Write out again only the lines between the one with "Dolce & Gabbana" and the end of the records below, both ends counted, and don't include the pictures.

Short text fragments from websites
—————

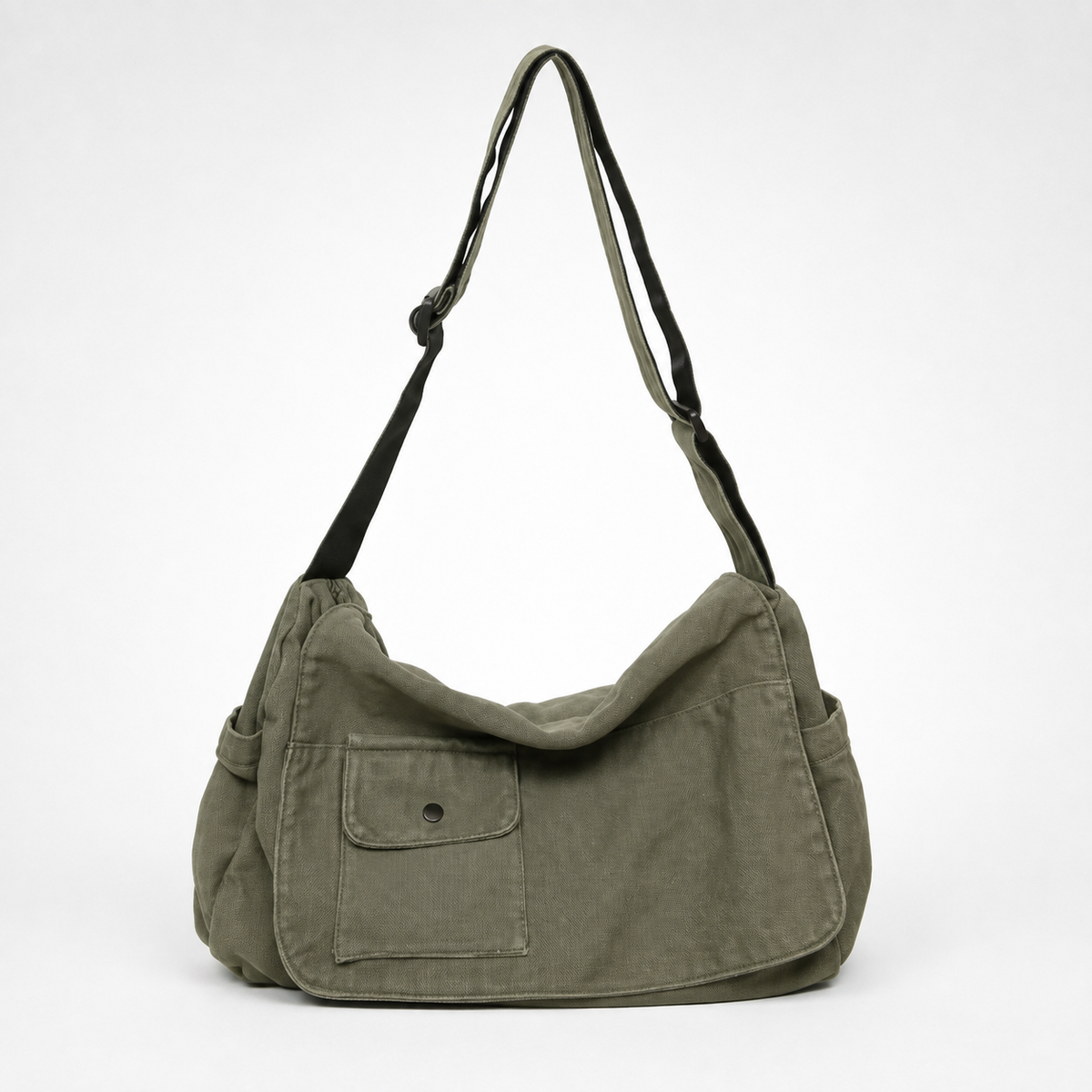 Nordspur | Große Canvas Messenger Tasche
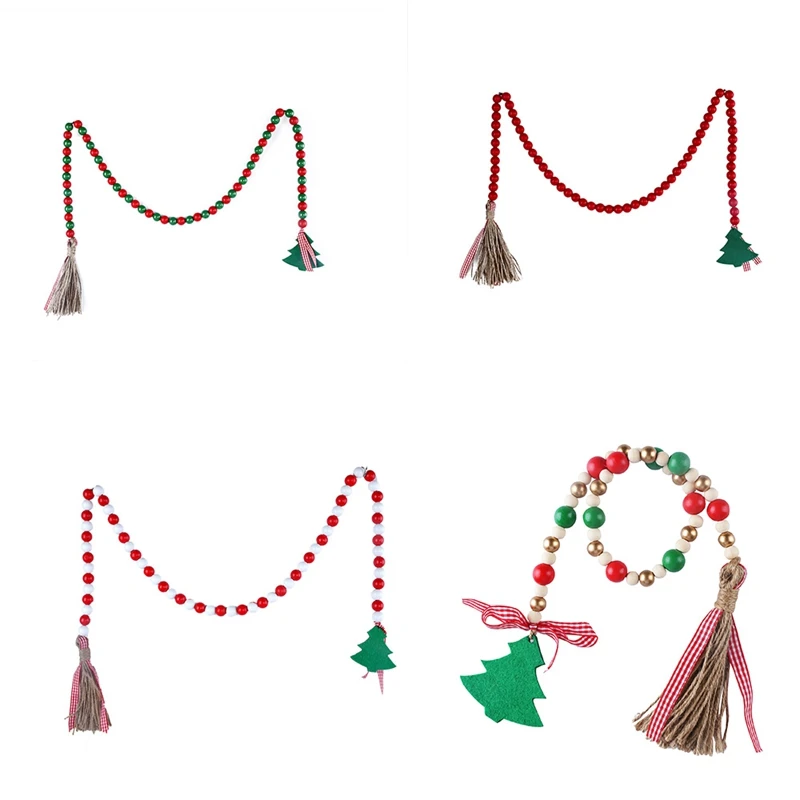 

4 шт., деревянные бусины для украшения детской комнаты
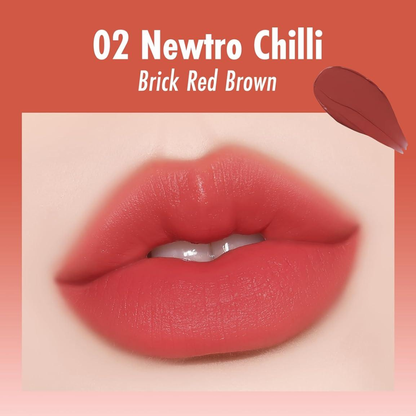 PEACH C Blurry Filter Lip & Cheek Tint - Buttercream Matte Lip Tint blurring effect - 5 Colours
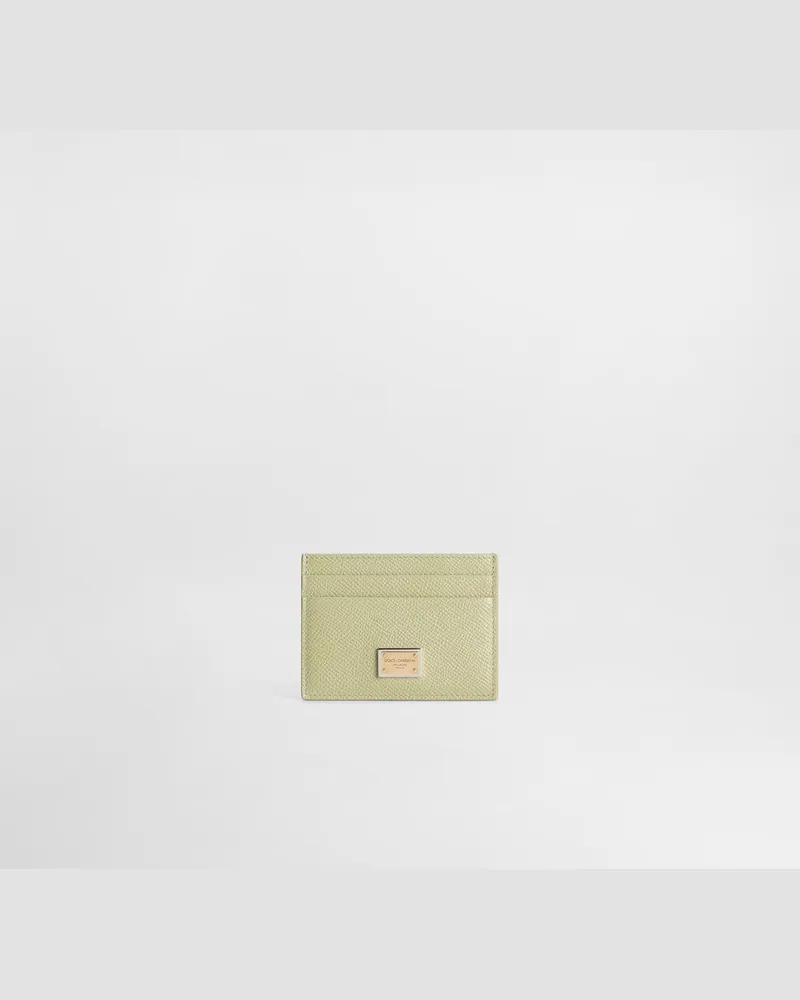 Dolce & Gabbana Portacarte In Pelle Di Vitello Dauphine - Donna Portafogli E Piccola Pelletteria Verde Pelle Verde
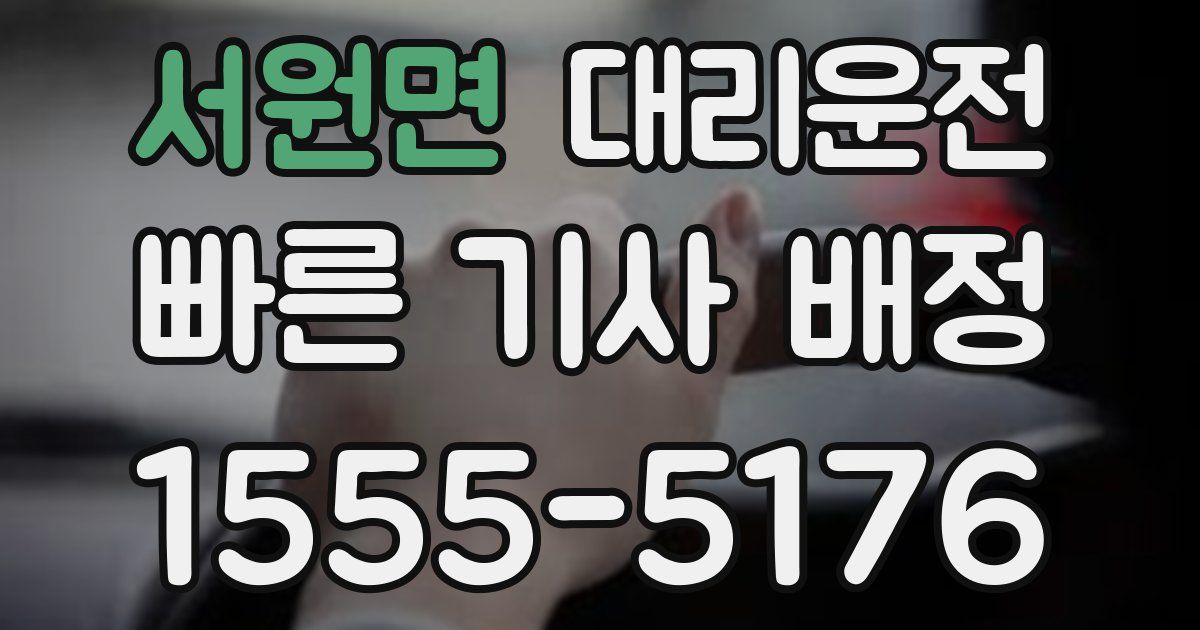 일일대리기사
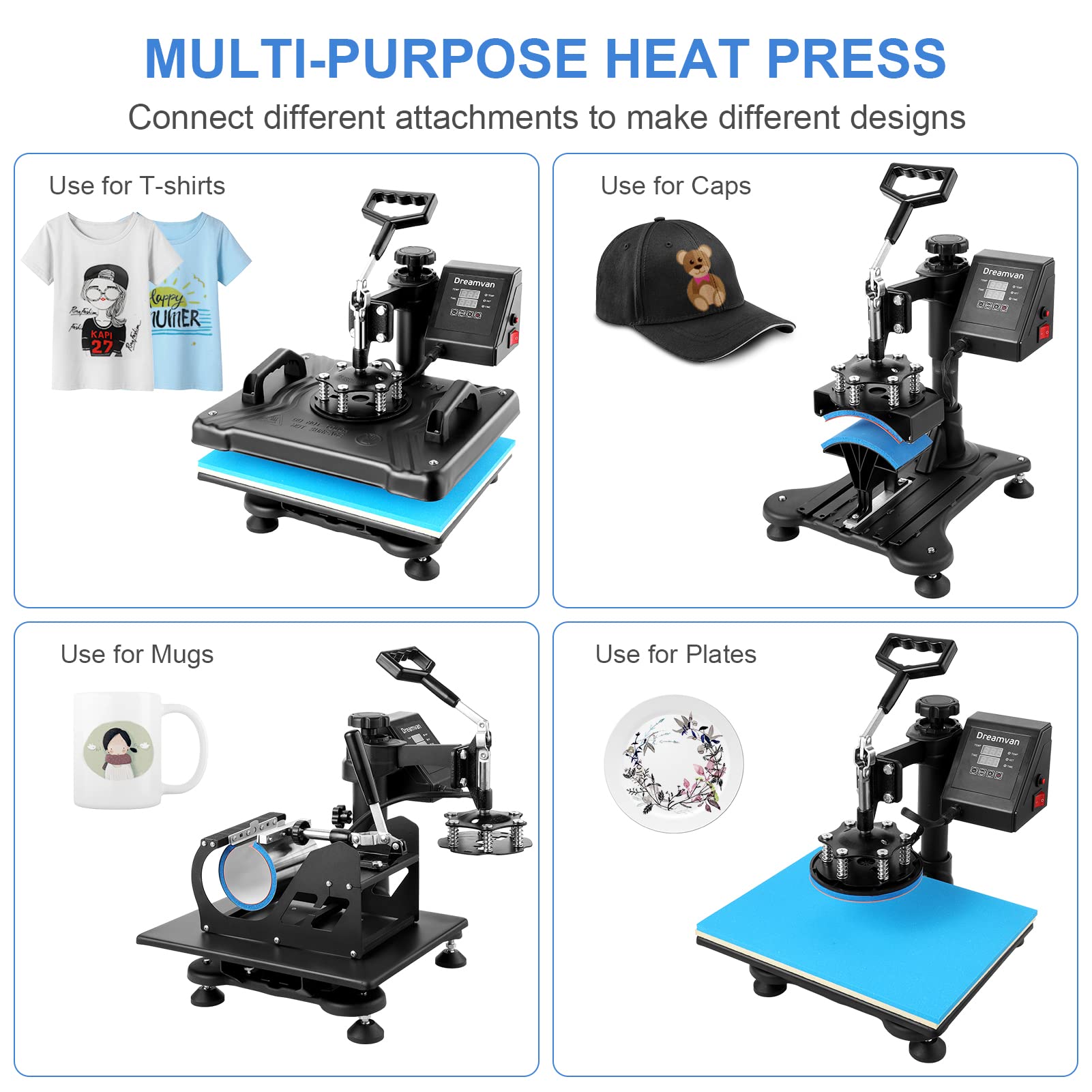 5-in-1 Digital Heat Press Machine 12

—————

▸ **The answer**
 Dolce & Gabbana Portacarte In Pelle Di Vitello Dauphine - Donna Portafogli E Piccola Pelletteria Verde Pelle Verde
 일일대리기사
 5-in-1 Digital Heat Press Machine 12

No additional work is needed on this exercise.